The confusion matrix may be seen in the above output graphic, with 6+3= 9 wrong predictions and 62+29=91 right predictions. As a result, we may conclude that the Decision Tree classifier made an excellent prediction when compared to other classification models.

5. Visualizing the training set result:

The result of the training set will be visualized here. We will plot a graph for the decision tree classifier to visualize the training set outcome. As we saw in Logistic Regression, the classifier will predict yes or no for consumers who have purchased or not purchased the SUV car. The code for it is as follows:

 
   #Visulaizing the trianing set result  
   from matplotlib.colors import ListedColormap  
   x_set, y_set = x_train, y_train  
   x1, x2 = nm.meshgrid(nm.arange(start = x_set[:, 0].min() - 1, stop = x_set[:, 0].max() + 1, step  =0.01),  
   nm.arange(start = x_set[:, 1].min() - 1, stop = x_set[:, 1].max() + 1, step = 0.01))  
   mtp.contourf(x1, x2, classifier.predict(nm.array([x1.ravel(), x2.ravel()]).T).reshape(x1.shape),  
   alpha = 0.75, cmap = ListedColormap(('purple','green' )))  
   mtp.xlim(x1.min(), x1.max())  
   mtp.ylim(x2.min(), x2.max())  
   fori, j in enumerate(nm.unique(y_set)):  
     mtp.scatter(x_set[y_set == j, 0], x_set[y_set == j, 1],  
       c = ListedColormap(('purple', 'green'))(i), label = j)  
   mtp.title('Decision Tree Algorithm (Training set)')  
   mtp.xlabel('Age')  
   mtp.ylabel('Estimated Salary')  
   mtp.legend()

Output:

The output seen above differs significantly from the rest of the classification models. It features both vertical and horizontal lines that divide the dataset into age and predicted pay categories.
As can be seen, the tree is attempting to capture each dataset, resulting in overfitting.

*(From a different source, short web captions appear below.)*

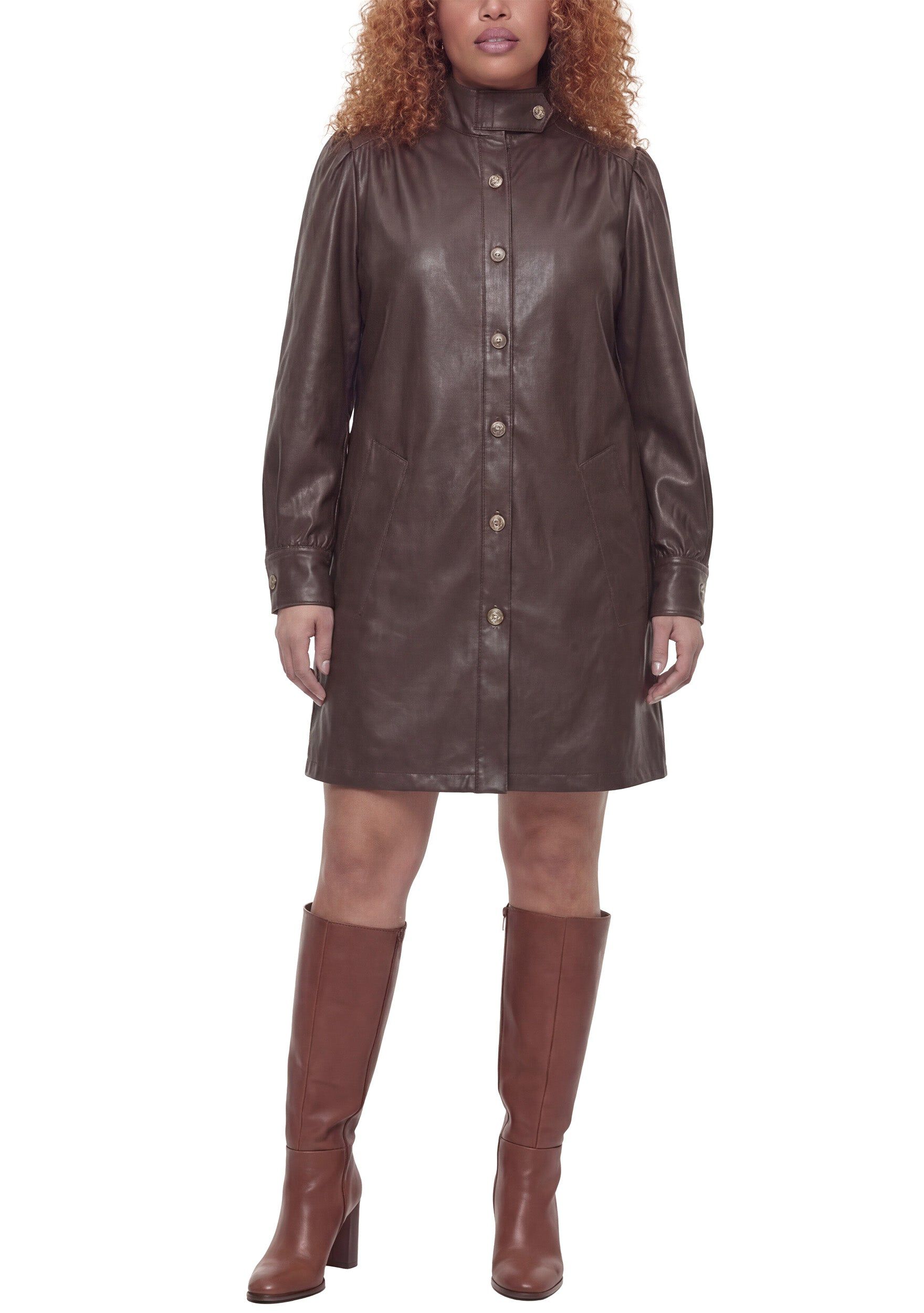 Wren Dress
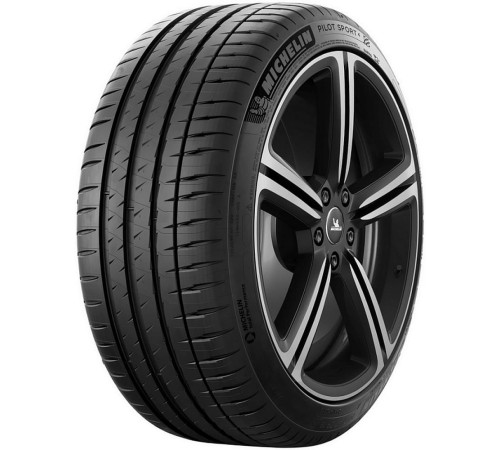 Michelin Pilot Sport 4 S 245/45R20 103Y, TL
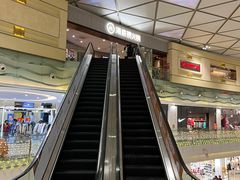-海底捞火锅(龙岗星河COCO Park店)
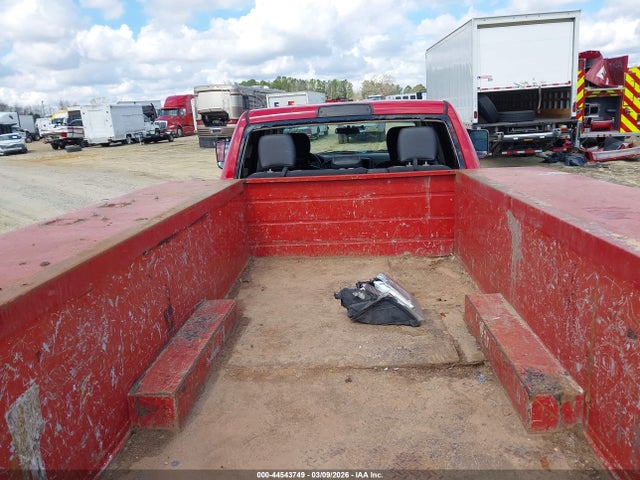 Aukcja sprzedaży 2012 Ram 3500 Chassis St/slt/laramie, vin: 3C7WDSCT3CG289071, numer aukcji: 44543749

6. Visualizing the test set result:

The test set result will be visualized similarly to the training set result, with the exception that the training set will be substituted with the test set.

 
   #Visulaizing the test set result  
   from matplotlib.colors import ListedColormap  
   x_set, y_set = x_test, y_test  
   x1, x2 = nm.meshgrid(nm.arange(start = x_set[:, 0].min() - 1, stop = x_set[:, 0].max() + 1, step  =0.01),  
   nm.arange(start = x_set[:, 1].min() - 1, stop = x_set[:, 1].max() + 1, step = 0.01))  
   mtp.contourf(x1, x2, classifier.predict(nm.array([x1.ravel(), x2.ravel()]).T).reshape(x1.shape),  
   alpha = 0.75, cmap = ListedColormap(('purple','green' )))  
   mtp.xlim(x1.min(), x1.max())  
   mtp.ylim(x2.min(), x2.max())  
   for i, j in enumerate(nm.unique(y_set)):  
     mtp.scatter(x_set[y_set == j, 0], x_set[y_set == j, 1],  
        c = ListedColormap(('purple', 'green'))(i), label = j)  
   mtp.title('Decision Tree Algorithm(Test set)')  
   mtp.xlabel('Age')  
   mtp.ylabel('Estimated Salary')  
   mtp.legend()  
   mtp.show()

Output:

As can be seen in the accompanying graphic, some green data points are contained within the purple zone, and vice versa. So, these are the wrong predictions that we talked about in the confusion matrix.